We (the Hubs, the cat, and I) left Nebraska mid-December(ish). We picked my Dad up in Denver on day 2, and made our way across Colorado and Utah. We continued to have great weather, so on day 3 we took Nevada’s loneliest highway (Highway 50) across Nevada. When you have a roadtrip of ~1,600 miles you hope it is uneventful, and it was. We were blessed by the travel Gods.

Our belongings and their transportation to Nevada weren’t so lucky. We knew when we planned the move that it could take our stuff three to ten days to arrive. Little did we know that storm after storm across the country would derail those plans. In the end it was about 20 days later when our stuff arrived. Since I had to start work in that time I had to buy a few pairs of slacks and blouses, and we camped out in the apartment for about a week. We were sure glad to see the movers arrive.

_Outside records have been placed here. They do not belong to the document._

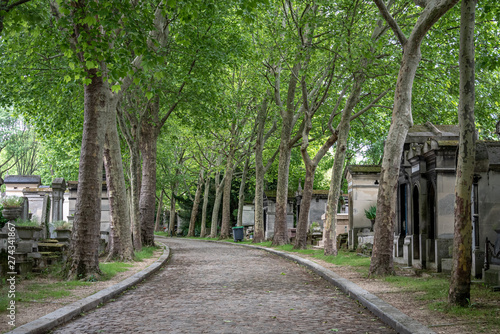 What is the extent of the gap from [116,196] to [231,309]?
25.0 feet

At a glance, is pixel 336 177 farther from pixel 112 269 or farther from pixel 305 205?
pixel 112 269

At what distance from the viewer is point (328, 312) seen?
296 inches

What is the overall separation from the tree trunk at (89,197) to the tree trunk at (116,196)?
2348 mm

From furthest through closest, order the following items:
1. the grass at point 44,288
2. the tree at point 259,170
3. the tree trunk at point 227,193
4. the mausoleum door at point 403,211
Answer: the tree trunk at point 227,193, the tree at point 259,170, the mausoleum door at point 403,211, the grass at point 44,288

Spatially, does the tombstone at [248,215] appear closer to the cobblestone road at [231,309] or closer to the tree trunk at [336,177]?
the tree trunk at [336,177]

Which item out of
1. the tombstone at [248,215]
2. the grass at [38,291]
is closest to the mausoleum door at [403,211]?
the grass at [38,291]

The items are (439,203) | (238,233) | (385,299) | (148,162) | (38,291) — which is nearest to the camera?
(385,299)

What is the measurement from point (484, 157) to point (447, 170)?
10.1ft

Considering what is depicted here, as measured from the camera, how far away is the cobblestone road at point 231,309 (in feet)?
20.8

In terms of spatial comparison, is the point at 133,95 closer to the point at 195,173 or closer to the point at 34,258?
the point at 34,258

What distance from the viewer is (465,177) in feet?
23.5

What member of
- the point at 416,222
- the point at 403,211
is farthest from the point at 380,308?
the point at 403,211

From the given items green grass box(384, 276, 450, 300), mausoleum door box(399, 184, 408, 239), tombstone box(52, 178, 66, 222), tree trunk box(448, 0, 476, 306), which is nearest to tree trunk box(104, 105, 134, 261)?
green grass box(384, 276, 450, 300)

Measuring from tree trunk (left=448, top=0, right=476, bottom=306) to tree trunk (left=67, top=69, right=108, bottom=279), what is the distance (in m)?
7.07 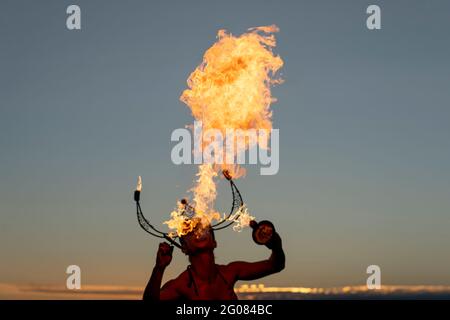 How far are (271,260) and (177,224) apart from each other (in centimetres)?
199

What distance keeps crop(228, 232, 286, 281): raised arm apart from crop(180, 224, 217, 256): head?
72cm

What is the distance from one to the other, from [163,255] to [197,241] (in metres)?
1.08

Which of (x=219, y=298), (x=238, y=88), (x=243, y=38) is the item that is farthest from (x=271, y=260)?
(x=243, y=38)

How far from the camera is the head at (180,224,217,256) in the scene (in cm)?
1512

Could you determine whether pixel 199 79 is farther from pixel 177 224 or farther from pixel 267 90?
pixel 177 224

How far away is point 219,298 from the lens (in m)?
15.2

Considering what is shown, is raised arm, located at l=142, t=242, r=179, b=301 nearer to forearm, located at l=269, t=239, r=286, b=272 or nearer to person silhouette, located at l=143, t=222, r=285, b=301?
person silhouette, located at l=143, t=222, r=285, b=301

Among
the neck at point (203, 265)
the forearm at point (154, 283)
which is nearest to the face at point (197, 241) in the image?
the neck at point (203, 265)

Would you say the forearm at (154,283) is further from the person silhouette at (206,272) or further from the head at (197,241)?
the head at (197,241)

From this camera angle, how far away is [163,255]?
1422 cm

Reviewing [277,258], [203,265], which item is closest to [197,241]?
[203,265]

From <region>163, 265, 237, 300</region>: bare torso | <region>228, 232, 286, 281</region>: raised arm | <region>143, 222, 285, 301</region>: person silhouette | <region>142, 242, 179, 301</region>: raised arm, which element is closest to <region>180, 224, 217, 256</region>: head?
<region>143, 222, 285, 301</region>: person silhouette

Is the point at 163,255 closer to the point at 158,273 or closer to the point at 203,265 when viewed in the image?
the point at 158,273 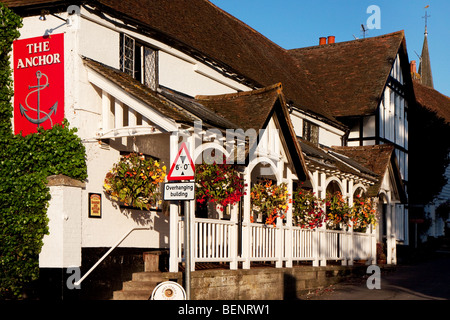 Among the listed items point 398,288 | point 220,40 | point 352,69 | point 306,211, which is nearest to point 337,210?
Answer: point 306,211

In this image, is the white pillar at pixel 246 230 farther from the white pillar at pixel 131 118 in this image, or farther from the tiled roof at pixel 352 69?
the tiled roof at pixel 352 69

Once we got our stuff and got unpacked we hit the ground running. A long journey finally came to an end when the Hubs became an official American citizen. You can read more at My story: 10 Immigration tips when marrying a non-American. Almost six years to the date of when he arrived on his fiance visa, he was raising his right hand and swearing allegiance to the USA. It was a great day, and one that we have waited for for a long time.

Tony

Meanwhile, back at my office… My office manager retired about 10 days after I arrived and our part-time office assistant went on vacation. It was a little stressful to not only learn what I was supposed to do, but to also learn about our budget, how to pay bills, and the other 749 things these great ladies had been doing. Happily, we have since hired a new and fabulous Office Manager and our part-time office assistant is back. It feels great to have all of the pieces in place and to be moving forward again. I immediately partnered up with the Chamber of Commerce to offer Social Media classes to local businesses, and it has gone over very well.

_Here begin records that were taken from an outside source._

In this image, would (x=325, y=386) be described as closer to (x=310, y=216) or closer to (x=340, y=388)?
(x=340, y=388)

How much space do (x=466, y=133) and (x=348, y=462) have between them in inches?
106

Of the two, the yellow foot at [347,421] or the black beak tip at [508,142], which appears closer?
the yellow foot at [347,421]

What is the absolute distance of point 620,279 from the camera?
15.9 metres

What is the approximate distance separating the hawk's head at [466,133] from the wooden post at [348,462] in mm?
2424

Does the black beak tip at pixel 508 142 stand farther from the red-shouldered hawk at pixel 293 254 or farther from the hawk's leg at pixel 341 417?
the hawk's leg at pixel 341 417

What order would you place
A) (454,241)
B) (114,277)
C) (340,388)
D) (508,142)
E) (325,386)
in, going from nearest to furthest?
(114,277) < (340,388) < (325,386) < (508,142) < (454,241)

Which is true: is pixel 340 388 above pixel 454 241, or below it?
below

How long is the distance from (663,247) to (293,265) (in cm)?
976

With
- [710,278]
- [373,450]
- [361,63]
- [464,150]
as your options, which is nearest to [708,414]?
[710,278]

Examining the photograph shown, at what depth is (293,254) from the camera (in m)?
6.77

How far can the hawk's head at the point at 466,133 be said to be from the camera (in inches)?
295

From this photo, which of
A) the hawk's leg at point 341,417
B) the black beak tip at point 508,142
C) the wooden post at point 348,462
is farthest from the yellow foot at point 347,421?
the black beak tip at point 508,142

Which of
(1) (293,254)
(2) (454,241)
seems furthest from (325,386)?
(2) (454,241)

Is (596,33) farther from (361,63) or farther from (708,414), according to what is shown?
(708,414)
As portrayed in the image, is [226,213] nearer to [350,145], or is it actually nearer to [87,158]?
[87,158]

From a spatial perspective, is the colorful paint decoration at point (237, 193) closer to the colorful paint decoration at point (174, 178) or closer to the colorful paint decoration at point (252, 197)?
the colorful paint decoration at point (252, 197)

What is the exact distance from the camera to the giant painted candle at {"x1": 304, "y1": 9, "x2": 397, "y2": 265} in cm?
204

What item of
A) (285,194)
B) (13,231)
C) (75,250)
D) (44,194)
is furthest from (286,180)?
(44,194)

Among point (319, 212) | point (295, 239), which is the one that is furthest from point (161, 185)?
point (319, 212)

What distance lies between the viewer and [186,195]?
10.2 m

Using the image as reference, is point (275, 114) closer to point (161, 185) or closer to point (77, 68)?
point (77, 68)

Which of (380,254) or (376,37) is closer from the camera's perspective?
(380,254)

At the ranch, there was another great lamb crop born. Even though we had several large snow storms our family was prepared to handle them and to provide the best care for all of the animals. Read more about how we Care for baby lambs in freezing temperatures. My Mom sold several lambs to the 4-H members, and they did a great job raising them and showed them in May at the Nevada Jr. Livestock Show.

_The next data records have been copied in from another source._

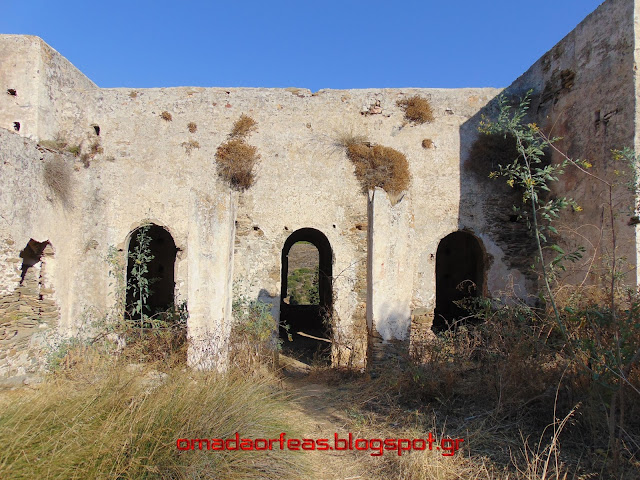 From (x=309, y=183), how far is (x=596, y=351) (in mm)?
6333

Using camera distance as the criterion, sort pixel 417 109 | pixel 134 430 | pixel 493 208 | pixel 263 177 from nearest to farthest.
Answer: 1. pixel 134 430
2. pixel 493 208
3. pixel 263 177
4. pixel 417 109

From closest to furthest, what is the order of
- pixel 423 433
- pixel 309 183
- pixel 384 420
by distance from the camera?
pixel 423 433, pixel 384 420, pixel 309 183

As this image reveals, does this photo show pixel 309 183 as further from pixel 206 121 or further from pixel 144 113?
pixel 144 113

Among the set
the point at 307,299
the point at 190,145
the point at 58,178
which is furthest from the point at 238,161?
the point at 307,299

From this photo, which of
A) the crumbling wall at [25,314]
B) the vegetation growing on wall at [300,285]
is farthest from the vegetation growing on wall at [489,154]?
the vegetation growing on wall at [300,285]

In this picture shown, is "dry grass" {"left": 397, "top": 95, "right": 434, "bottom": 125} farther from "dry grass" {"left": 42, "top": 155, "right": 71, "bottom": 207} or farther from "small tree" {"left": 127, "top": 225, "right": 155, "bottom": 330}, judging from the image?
"dry grass" {"left": 42, "top": 155, "right": 71, "bottom": 207}

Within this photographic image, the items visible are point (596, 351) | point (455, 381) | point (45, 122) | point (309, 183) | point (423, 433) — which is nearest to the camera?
point (596, 351)

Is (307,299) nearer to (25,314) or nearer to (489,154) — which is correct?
(489,154)

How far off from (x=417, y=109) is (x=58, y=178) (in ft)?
24.7

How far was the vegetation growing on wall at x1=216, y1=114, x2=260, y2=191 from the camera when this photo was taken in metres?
9.08

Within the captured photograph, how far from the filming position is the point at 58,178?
8430mm

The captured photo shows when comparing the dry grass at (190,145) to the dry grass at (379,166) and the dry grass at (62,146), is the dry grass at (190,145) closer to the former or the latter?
the dry grass at (62,146)

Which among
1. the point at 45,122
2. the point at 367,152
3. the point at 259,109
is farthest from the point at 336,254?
the point at 45,122

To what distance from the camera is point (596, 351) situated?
3.89 meters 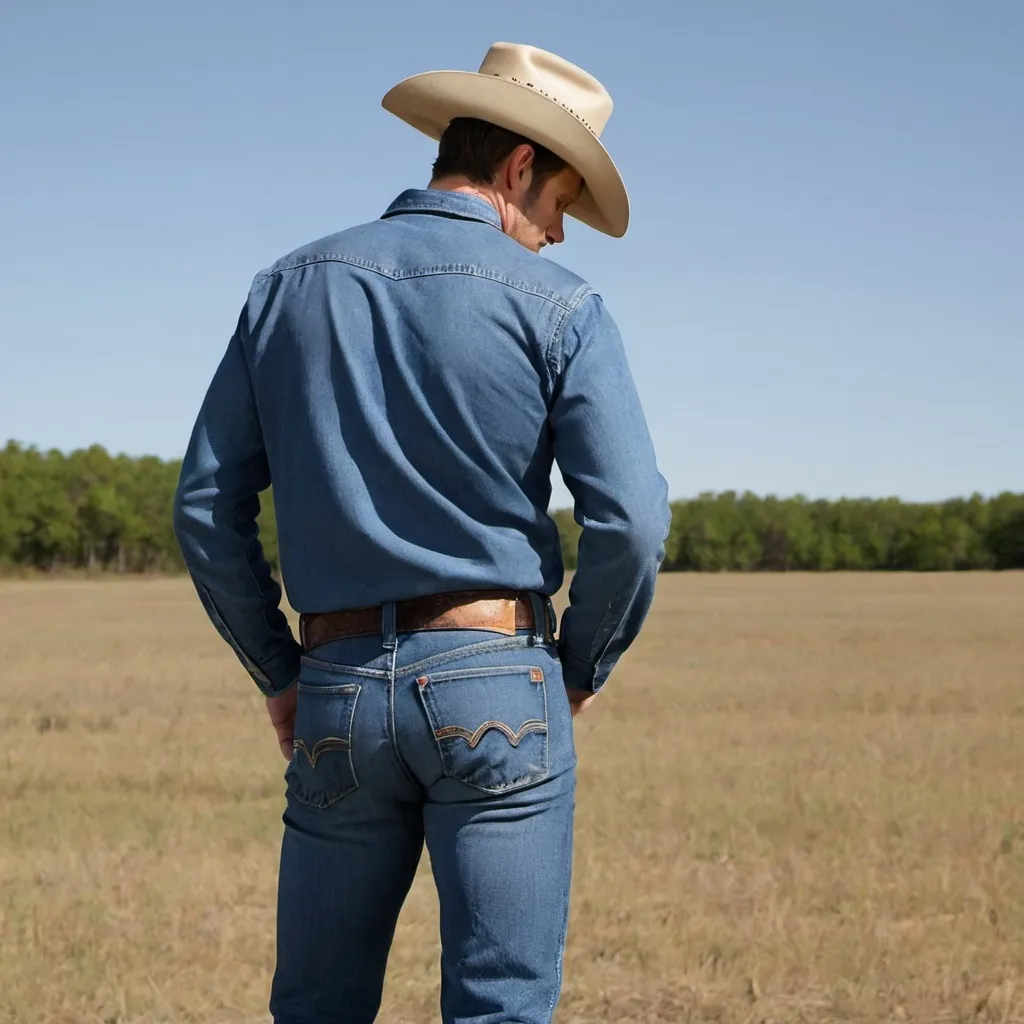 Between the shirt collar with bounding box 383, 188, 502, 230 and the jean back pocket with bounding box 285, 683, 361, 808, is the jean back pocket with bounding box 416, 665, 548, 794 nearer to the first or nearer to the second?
the jean back pocket with bounding box 285, 683, 361, 808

This past spring was a busy one as my Dad had a knee replaced. Considering the extent of the surgery, his recovery has been great. Just weeks after the replacement he was driving the skidsteer again – hard to keep a good rancher down. And even more exciting, my nephew was born. My Mom and I have made several trips to go visit him and his parents, and we anxiously await for their visit here at the end of the summer. I think it is safe to say he has all of wrapped around his chubby little fingers.

Untitled design (1)

 

As for fun… Well the Hubs and I took advantage of the nice weather and took a long weekend to Death Valley Super Bloom… A photo journal. Neither of us had ever been there, and it was fantastic. We are already planning our next visit – when the cooler temperatures return. We are also less than 45 minutes from Lake Tahoe, so we have been enjoying that scenic beauty and all that the lake has to offer.

Death AValley Super Bloom

As far as Cali cat, she handled the drive like a champ. However, the entire moving experience traumatized her. My parents have two indoor cats that are not welcoming to other cats, so Cali stayed with my Grandpa until our stuff arrived and we got unpacked (about 3 weeks). He loved the company, but she was not happy with me at all. Once we brought her home it took another month for her to get settled in. She is finally back to her old self now and is not looking forward to moving any time soon.

While there was a lot of other things that happened in the last six months, these are some of the major highlights. I look forward to getting back into a regular blogging routine. As usual, it will be a mixture of current research findings and events, interesting ag stories, and introductions to the people who grow and raise our food.